▸ TASK DESCRIPTION
Reproduce the section of the listing that begins at the line containing "Nappe Palma Amande Lin-Coton (3 tailles)" and finishes at the line containing "Rg-10500 Thousand Oaks". Include both end lines and nothing beyond them.

-- INPUT RECORDS follows --

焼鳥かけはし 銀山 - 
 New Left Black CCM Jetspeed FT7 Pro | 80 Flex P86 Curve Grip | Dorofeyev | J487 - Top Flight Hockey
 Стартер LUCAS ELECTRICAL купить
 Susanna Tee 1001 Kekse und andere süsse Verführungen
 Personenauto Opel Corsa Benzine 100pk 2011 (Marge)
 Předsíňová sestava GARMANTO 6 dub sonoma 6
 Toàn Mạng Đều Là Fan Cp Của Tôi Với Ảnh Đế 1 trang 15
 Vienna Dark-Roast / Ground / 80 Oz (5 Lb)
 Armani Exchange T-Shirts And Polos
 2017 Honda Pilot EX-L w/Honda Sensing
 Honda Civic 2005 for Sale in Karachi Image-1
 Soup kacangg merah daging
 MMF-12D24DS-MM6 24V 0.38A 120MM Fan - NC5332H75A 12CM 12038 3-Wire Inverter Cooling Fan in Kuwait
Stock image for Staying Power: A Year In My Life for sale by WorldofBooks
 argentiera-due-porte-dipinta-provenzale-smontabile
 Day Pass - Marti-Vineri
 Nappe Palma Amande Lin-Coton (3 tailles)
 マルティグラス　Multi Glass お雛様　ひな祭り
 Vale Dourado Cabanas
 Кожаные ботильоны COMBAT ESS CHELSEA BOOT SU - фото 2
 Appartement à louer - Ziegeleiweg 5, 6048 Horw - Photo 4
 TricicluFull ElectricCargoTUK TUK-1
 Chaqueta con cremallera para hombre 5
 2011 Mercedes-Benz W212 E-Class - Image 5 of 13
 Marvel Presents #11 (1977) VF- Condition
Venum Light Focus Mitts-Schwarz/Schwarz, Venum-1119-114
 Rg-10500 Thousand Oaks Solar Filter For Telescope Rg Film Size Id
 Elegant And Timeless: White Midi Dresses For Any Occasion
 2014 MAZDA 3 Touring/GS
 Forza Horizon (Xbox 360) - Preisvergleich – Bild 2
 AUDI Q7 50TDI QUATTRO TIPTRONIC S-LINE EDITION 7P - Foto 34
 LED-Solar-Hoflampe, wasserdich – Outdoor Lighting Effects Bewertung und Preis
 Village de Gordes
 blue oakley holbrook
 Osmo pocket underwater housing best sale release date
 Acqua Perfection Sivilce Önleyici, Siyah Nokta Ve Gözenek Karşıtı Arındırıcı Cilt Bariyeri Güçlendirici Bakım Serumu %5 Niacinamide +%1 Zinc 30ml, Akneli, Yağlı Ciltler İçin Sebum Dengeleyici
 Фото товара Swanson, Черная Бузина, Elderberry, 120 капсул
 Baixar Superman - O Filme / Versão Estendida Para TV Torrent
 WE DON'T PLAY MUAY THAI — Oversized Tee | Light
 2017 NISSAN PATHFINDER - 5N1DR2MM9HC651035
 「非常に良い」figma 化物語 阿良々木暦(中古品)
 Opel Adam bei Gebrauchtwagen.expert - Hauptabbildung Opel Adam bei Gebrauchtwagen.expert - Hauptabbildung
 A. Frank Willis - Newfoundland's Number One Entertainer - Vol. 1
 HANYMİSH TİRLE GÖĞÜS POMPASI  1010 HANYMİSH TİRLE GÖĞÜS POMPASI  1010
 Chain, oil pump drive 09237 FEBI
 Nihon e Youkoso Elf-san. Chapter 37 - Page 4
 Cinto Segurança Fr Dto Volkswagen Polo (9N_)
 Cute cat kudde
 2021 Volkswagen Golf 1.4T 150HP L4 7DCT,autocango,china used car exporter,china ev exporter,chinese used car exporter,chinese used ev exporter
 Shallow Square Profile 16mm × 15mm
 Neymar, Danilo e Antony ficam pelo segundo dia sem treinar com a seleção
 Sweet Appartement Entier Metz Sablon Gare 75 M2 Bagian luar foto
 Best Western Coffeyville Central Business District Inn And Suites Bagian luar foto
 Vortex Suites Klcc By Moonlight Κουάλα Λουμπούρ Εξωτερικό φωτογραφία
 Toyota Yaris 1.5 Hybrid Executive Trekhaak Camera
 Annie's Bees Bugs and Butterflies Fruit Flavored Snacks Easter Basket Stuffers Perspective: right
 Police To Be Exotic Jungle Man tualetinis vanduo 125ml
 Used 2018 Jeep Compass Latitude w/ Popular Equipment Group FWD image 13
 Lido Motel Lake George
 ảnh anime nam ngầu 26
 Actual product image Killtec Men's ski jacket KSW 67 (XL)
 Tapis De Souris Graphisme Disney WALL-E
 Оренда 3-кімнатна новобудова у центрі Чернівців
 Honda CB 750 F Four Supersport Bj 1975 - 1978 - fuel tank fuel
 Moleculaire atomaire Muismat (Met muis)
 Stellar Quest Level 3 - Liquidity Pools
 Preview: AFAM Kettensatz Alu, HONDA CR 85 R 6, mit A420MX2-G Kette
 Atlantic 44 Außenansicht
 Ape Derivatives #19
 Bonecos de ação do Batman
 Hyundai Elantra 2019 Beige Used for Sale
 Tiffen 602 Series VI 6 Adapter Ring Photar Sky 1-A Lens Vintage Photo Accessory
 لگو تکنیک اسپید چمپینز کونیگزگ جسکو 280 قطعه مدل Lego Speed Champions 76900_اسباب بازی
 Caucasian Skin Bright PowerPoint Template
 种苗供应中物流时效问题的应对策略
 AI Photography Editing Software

-- INPUT RECORDS concluded --

▸ THE ANSWER
 Nappe Palma Amande Lin-Coton (3 tailles)
 マルティグラス　Multi Glass お雛様　ひな祭り
 Vale Dourado Cabanas
 Кожаные ботильоны COMBAT ESS CHELSEA BOOT SU - фото 2
 Appartement à louer - Ziegeleiweg 5, 6048 Horw - Photo 4
 TricicluFull ElectricCargoTUK TUK-1
 Chaqueta con cremallera para hombre 5
 2011 Mercedes-Benz W212 E-Class - Image 5 of 13
 Marvel Presents #11 (1977) VF- Condition
Venum Light Focus Mitts-Schwarz/Schwarz, Venum-1119-114
 Rg-10500 Thousand Oaks Solar Filter For Telescope Rg Film Size Id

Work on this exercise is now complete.